Transition year Technology aims to enhance students’ curiosity of the technological world while integrating the necessary subject knowledge with the disciplinary skills to investigate and solve real-life problems. Every human-made product is designed by applying some knowledge of the natural world and is built using materials derived from the natural world, even when the materials are not themselves natural
A big focus of the transition year program is a focus on design awareness and development. Through a design-based portfolio project students will design and make products/artefacts that solve real world problems based on a chosen brief.
- A focus on Design: (a) Introducing key terms relating to the analysis of a product; (b) Prompt questions and key terms provided.
- A focus on User Needs: Introduces the concept of ergonomics in design and designing to meet a user’s requirements. The tasks are explained using visual examples and questions to support students in thinking about design outside of their target group.
- A focus on Design Evaluation and Design Modification: This exercise explores what students can learn from analysing a design and how they can use this information to improve an existing design. The task presents students with visual examples of developments in mobile phone design, leading into a sketching task.
Students will examine real life existing technical solutions and apply their new learning and knowledge to improve or change the design. For instance, dynamic mechanisms - we are surrounded by them and systems that are designed to make tasks easier to complete. Basic slide mechanisms found in drawers, folding mechanisms seen in chairs, springs contained in writing pens and linkages used pedal bins are just some examples.
Students will have access to a range of state-of-the-art equipment and tools to facilitate participation in the latest processing and design techniques, including our additive processing unit.
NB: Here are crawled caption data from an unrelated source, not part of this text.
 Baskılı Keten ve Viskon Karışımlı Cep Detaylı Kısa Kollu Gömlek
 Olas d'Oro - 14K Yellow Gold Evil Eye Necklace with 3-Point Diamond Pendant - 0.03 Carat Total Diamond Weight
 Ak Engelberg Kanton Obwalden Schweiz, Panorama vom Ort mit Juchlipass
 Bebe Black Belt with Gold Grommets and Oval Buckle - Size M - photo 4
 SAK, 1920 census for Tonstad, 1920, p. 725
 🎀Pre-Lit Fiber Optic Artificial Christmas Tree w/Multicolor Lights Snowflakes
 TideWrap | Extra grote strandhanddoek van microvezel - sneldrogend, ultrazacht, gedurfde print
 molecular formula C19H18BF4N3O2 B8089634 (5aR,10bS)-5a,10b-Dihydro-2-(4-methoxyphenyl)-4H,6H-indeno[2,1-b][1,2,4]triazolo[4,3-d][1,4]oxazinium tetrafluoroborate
At the forefront of the technology lab is the additive manufacturing station promoting student use of 3D printing as part of the realise stage of the design cycle. One of the key advantages of 3D printing is the ability to produce very complex shapes or geometries that would be otherwise impossible to construct by hand, including hollow parts or parts with internal truss structures to reduce weight.
Students will also utilise the laser cutter to produce their designs and mechanisms. The state-of-the-art laser cutter is a true manufacturing marvel, revolutionising the world of mass production and small-scale prototyping. Incorporating the laser cutter into the transition year program fulfils one of the pillars of the year, equipping students with key skills for the future.